### [TASK]
Once the images are set aside, output the listing exactly as it stands.

### [RECORDED DATA]
↓
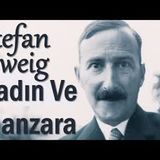 Kadın Ve Manzara Stefan Zweig sesli kitap tek parça Akın ALTAN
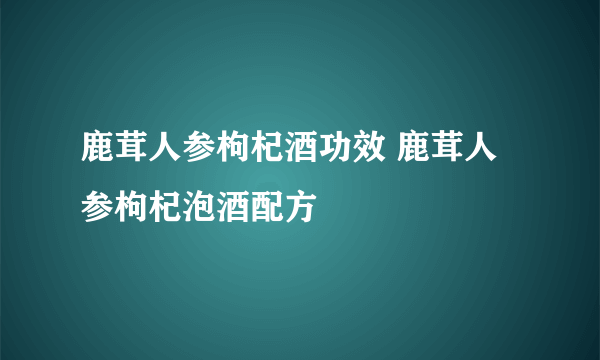 鹿茸人参枸杞酒功效 鹿茸人参枸杞泡酒配方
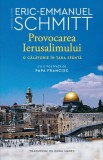 Provocarea Ierusalimului - Eric-Emmanuel Schmitt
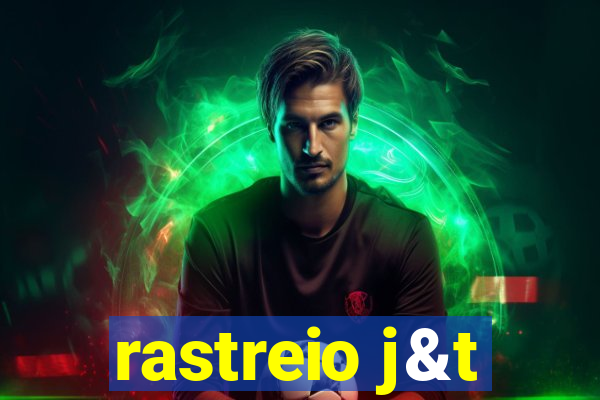 rastreio j&t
↑
### [OUTPUT OF THE EXERCISE]
 Kadın Ve Manzara Stefan Zweig sesli kitap tek parça Akın ALTAN
 鹿茸人参枸杞酒功效 鹿茸人参枸杞泡酒配方
 Provocarea Ierusalimului - Eric-Emmanuel Schmitt
 rastreio j&t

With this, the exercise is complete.